- Constituency: Lower West Akim

Member of Parliament
- In office 7 January 2009 – 6 January 2013
- President: John Atta Mills
- Preceded by: James Appietu-Ankrah

Personal details
- Born: 12 July 1970 (age 55)
- Party: New Patriotic Party
- Children: 2
- Alma mater: Ghana Institute of Management and Public Administration
- Occupation: Industrialist/Farming

= Gifty Klenam =

Ghanaian politician

Gifty Klenam is a Ghanaian politician and was the member of parliament for Lower West Akim in the Eastern Region of Ghana in the 5th parliament of the 4th republic of Ghana.
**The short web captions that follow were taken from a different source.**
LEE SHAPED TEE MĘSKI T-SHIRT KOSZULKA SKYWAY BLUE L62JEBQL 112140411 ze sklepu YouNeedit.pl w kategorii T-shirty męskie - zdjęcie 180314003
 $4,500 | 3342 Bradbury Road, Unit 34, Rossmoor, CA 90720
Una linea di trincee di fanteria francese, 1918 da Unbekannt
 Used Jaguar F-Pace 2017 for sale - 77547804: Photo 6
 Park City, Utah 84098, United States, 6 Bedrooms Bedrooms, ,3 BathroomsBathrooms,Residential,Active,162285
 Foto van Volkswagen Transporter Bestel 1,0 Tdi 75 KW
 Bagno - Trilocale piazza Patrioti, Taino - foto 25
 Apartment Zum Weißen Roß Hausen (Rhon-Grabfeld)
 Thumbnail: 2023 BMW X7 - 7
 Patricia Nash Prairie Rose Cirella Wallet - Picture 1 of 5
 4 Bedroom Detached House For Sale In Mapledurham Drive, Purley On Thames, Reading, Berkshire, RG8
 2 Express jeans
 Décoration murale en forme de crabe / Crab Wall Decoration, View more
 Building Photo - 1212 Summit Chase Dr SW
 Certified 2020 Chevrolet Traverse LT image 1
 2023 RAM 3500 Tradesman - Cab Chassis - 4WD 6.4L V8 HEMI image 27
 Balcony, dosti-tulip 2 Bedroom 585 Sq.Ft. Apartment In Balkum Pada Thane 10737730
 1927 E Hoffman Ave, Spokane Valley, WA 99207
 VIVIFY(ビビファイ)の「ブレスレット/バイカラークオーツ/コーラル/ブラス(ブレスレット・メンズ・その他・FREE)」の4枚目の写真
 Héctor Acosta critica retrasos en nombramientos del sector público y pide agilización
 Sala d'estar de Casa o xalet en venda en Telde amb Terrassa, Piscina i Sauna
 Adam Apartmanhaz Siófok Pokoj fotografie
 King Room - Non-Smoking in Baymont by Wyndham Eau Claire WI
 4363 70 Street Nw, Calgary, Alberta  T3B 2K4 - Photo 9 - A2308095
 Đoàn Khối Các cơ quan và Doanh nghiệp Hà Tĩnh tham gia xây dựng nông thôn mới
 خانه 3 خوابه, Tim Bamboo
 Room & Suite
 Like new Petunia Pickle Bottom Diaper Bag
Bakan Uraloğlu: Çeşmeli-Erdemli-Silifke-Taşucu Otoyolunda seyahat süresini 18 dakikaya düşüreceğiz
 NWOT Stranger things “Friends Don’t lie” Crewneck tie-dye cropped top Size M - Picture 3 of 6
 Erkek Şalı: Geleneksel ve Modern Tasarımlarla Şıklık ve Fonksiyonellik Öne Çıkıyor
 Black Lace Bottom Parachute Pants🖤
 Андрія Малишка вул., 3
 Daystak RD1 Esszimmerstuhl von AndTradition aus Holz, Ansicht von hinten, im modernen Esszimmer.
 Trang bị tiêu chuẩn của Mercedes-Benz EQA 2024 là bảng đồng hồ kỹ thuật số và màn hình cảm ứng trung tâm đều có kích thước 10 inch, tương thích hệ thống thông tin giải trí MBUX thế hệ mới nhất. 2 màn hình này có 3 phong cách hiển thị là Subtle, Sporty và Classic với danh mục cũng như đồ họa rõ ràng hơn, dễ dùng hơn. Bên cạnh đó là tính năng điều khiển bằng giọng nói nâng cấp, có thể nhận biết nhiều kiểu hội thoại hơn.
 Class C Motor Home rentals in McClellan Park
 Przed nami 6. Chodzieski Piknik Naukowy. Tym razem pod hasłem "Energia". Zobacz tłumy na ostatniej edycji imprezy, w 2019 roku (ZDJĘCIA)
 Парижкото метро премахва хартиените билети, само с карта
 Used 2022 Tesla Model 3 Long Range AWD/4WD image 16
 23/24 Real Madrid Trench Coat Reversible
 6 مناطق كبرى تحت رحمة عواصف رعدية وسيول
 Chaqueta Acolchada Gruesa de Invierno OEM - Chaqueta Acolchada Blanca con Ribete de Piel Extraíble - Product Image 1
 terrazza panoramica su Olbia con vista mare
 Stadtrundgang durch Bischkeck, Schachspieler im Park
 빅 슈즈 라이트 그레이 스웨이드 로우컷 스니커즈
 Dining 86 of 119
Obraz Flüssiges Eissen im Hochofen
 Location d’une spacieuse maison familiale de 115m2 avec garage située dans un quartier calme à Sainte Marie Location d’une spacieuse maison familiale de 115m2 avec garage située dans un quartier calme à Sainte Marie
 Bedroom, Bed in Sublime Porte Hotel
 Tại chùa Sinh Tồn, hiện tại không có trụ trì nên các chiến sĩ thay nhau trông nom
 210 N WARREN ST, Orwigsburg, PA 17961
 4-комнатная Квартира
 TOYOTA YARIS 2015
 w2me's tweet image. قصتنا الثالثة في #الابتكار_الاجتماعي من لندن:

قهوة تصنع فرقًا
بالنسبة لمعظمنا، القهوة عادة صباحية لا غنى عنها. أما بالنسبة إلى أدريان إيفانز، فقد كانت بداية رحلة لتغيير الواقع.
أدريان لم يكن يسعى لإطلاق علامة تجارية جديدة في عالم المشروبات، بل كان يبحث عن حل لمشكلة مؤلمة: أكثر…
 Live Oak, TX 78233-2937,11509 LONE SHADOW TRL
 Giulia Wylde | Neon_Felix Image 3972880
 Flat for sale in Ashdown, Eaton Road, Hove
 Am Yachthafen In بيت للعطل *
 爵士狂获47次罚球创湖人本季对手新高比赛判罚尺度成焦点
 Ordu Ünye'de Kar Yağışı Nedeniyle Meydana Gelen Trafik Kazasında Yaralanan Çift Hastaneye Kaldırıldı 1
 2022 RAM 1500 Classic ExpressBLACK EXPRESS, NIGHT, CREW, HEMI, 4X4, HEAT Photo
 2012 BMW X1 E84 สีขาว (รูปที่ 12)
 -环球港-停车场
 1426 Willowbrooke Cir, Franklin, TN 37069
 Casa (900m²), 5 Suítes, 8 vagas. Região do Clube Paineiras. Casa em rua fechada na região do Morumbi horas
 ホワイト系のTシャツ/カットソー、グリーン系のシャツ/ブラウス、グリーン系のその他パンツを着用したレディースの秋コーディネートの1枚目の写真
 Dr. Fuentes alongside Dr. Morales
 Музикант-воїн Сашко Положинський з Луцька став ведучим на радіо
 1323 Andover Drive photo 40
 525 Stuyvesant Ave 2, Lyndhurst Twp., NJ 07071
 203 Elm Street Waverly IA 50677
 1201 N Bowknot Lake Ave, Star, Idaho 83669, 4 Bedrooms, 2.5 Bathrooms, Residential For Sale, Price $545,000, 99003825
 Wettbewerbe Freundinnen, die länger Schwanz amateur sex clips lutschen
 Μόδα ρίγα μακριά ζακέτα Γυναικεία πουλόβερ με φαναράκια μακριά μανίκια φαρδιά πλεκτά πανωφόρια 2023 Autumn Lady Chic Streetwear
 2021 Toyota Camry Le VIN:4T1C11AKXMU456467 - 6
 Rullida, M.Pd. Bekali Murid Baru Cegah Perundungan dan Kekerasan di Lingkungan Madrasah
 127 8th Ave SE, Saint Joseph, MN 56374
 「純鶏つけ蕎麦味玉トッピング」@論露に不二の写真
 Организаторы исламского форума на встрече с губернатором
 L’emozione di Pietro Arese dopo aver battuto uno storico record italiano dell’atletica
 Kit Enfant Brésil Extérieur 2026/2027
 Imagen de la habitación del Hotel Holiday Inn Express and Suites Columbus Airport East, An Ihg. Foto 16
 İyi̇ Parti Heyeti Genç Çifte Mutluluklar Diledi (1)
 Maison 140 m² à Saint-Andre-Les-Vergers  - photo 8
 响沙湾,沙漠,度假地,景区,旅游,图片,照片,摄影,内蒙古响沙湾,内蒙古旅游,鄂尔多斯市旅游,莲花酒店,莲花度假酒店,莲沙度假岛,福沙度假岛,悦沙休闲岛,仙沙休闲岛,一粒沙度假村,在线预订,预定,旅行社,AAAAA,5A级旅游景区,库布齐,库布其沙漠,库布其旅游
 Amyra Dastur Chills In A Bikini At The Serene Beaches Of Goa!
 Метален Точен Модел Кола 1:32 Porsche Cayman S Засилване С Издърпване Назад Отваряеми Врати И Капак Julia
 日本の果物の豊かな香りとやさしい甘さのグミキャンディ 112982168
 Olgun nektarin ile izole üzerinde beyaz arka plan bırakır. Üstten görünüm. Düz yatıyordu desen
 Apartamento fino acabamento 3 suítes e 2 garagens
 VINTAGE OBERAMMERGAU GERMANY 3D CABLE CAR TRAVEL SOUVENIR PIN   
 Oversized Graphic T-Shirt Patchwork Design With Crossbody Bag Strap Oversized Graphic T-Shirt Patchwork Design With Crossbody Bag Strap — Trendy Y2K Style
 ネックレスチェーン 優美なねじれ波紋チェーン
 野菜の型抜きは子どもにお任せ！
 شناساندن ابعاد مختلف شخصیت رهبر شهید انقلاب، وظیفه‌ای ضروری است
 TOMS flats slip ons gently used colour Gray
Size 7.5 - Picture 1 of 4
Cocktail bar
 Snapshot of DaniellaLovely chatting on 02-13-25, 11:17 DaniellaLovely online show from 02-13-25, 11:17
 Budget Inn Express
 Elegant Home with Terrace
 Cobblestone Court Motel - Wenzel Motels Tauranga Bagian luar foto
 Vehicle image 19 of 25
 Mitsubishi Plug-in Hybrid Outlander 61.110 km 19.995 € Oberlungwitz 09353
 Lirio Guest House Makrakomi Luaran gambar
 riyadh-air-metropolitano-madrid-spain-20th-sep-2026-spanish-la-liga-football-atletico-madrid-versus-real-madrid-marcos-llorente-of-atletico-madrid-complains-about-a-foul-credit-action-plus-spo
==Early life and education==
Klenam was born on July 12, 1970. She hails from Asamankese in the Eastern Region of Ghana. She obtained a certificate in Administration Management at Ghana Institute of Management and Public Administration in 2008.

==Career==
Proior to being elected and becoming a member of parliament, Gifty Klenam is an industrialist and farmer, She was also the chief executive officer of Sunharvest Company Limited sited in Pokuase. Currently, she serves as a chairperson on the Ghana Export Promotion Authority.

== Political career ==
Klenam is member of the New Patriotic Party. She was first elected as Member of Parliament to represent Lower West Akim Constituency in the 2008 Ghanaian General Elections and she assumed office on 7 January 2009. She was re-elected in the 2012 General Elections but lost her primaries to Eyiah Kyei-Baffour in 2015 and was not able to contest in the 2016 Ghanaian General Elections.

== Elections ==
Klenam was elected in the 2008 Ghanaian general elections as the Member of parliament for the Lower West Akim constituency in the 5th parliament of the 4th republic of Ghana. She was elected on the ticket of the New Patriotic party after obtaining 21,912 votes out of the 36,337 valid votes cast, equivalent to 60.3% of total votes cast. She was elected over Yahuza Mohammed Awale of the People's National Convention, Seth Otchere of the National Democratic Congress, Nyadua Kofi Evans of the Democratic People's Party, Patrick Kwabena Adjei of the Convention People's Party and Martin Bruce Opare an independent candidate. These obtained 1.69%, 35.45%, 0.32% and 2.23% respectively of all total valid votes cast.

== Personal life ==
Klenam is married and has two children. She is a Christian who worships at the International Central Gospel Church. She has also worshipped with the Salvation Gate Chapel.